* [What is required]: Excluding pictures, what does the listing below contain from the line with "We're now inside" up to and including the line with "I hope this", word for word?

* [Given data]:
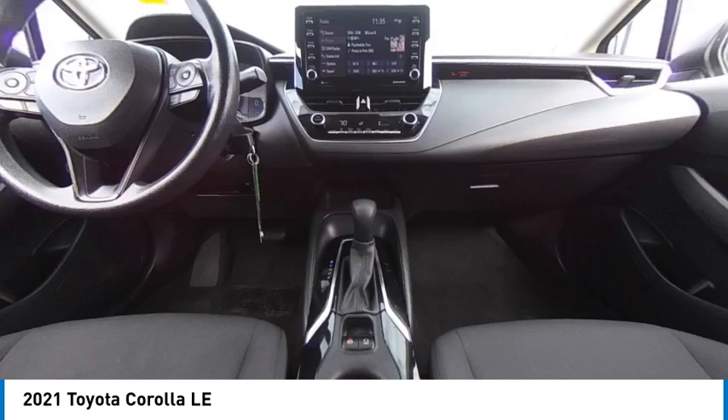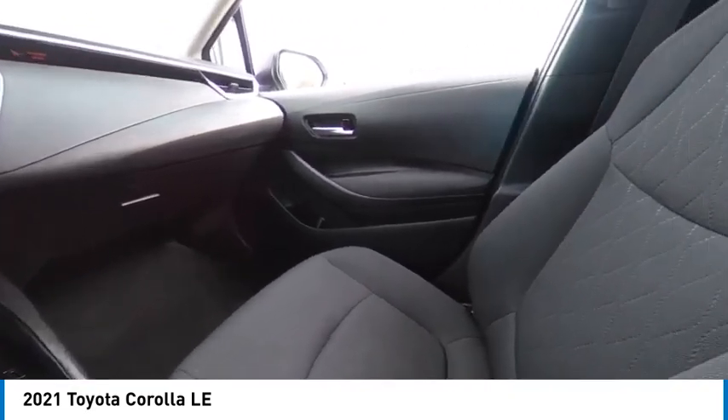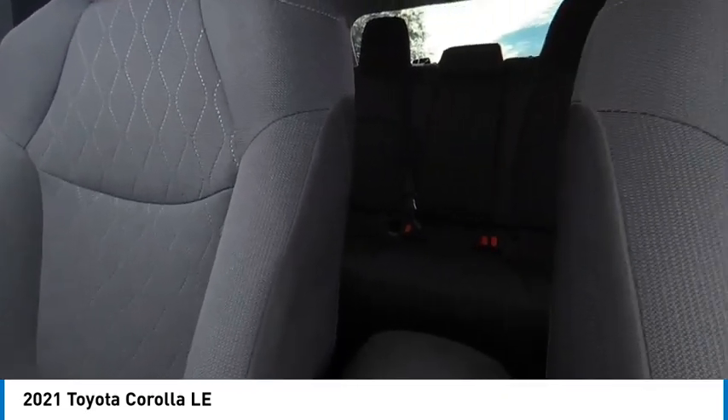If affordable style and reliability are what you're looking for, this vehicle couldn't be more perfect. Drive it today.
--
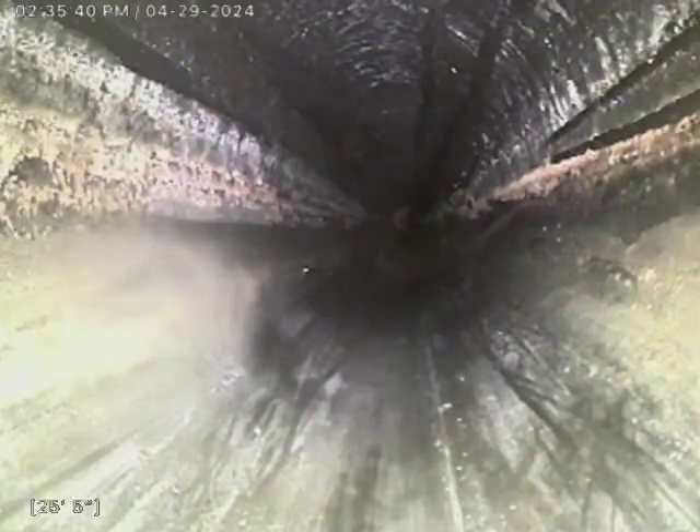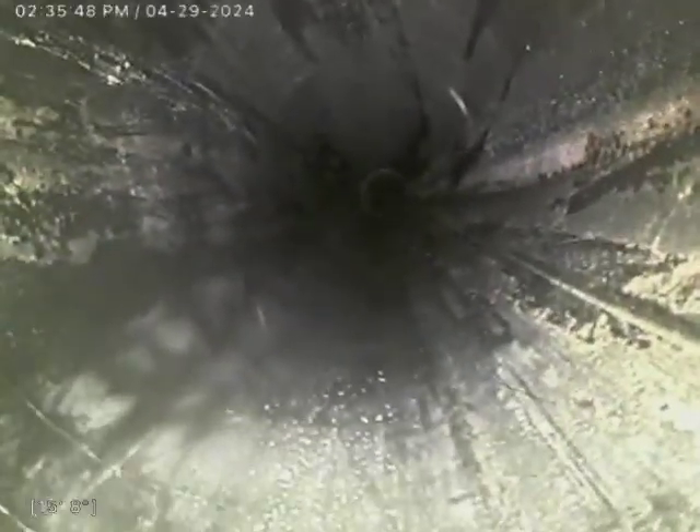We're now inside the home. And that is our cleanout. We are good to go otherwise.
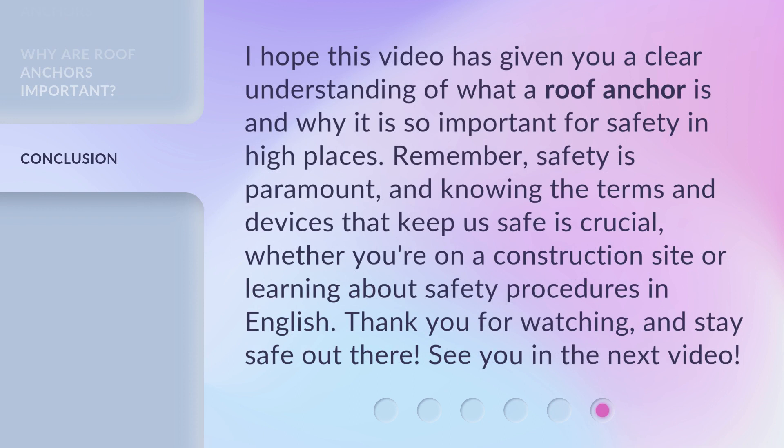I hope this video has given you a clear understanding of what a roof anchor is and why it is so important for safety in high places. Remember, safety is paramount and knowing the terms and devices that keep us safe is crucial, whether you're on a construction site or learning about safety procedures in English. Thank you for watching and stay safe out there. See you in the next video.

* [Written reply]:
We're now inside the home. And that is our cleanout. We are good to go otherwise.
I hope this video has given you a clear understanding of what a roof anchor is and why it is so important for safety in high places. Remember, safety is paramount and knowing the terms and devices that keep us safe is crucial, whether you're on a construction site or learning about safety procedures in English. Thank you for watching and stay safe out there. See you in the next video.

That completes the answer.